++++ Dataset content ++++

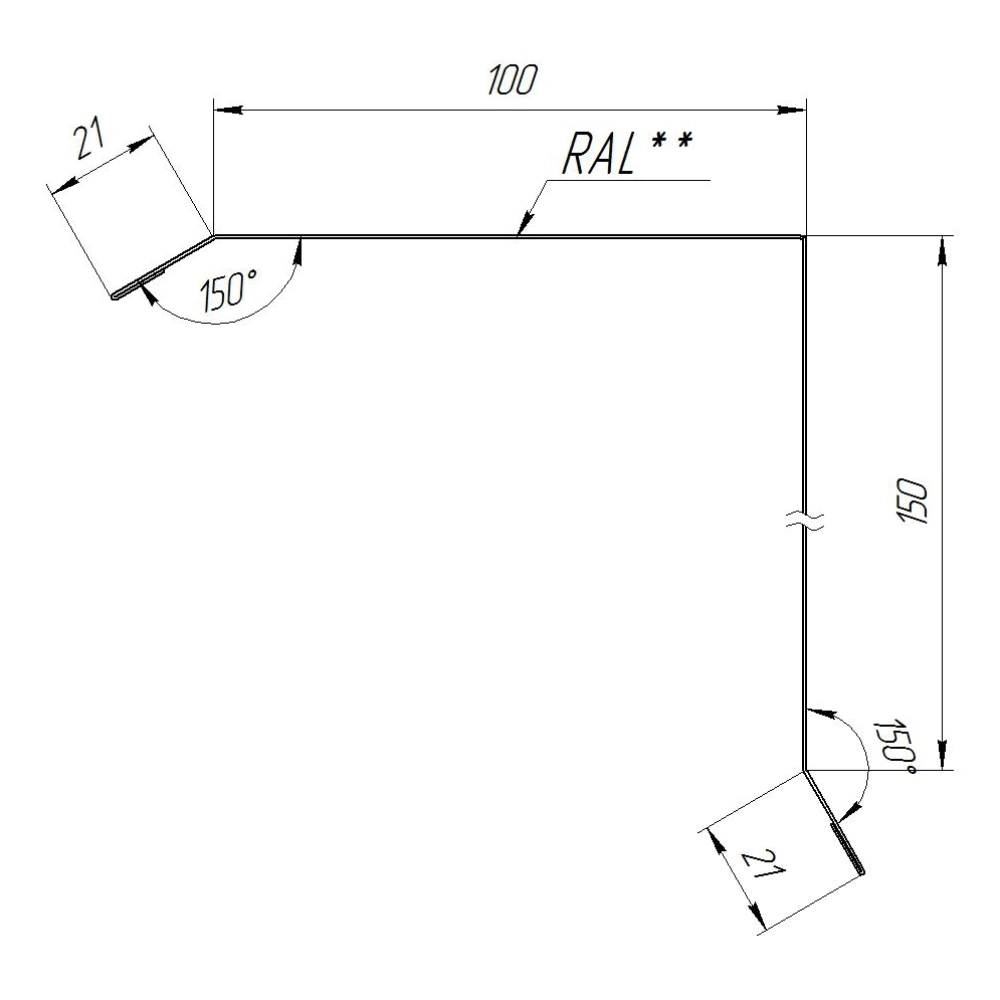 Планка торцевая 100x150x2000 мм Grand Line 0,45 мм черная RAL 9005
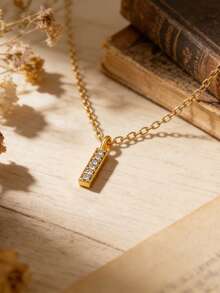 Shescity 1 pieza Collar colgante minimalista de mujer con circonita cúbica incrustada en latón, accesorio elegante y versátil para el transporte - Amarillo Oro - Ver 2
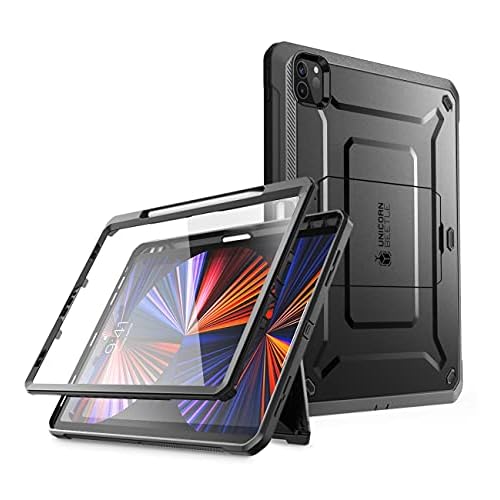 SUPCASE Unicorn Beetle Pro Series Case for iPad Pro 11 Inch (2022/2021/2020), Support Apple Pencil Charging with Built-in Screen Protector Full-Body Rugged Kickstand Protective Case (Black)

++++

_Exercise directions_
In your copy of the data above, leave out the pictures and repeat everything else exactly.

_Answer to this problem_
 Планка торцевая 100x150x2000 мм Grand Line 0,45 мм черная RAL 9005
 Shescity 1 pieza Collar colgante minimalista de mujer con circonita cúbica incrustada en latón, accesorio elegante y versátil para el transporte - Amarillo Oro - Ver 2
 SUPCASE Unicorn Beetle Pro Series Case for iPad Pro 11 Inch (2022/2021/2020), Support Apple Pencil Charging with Built-in Screen Protector Full-Body Rugged Kickstand Protective Case (Black)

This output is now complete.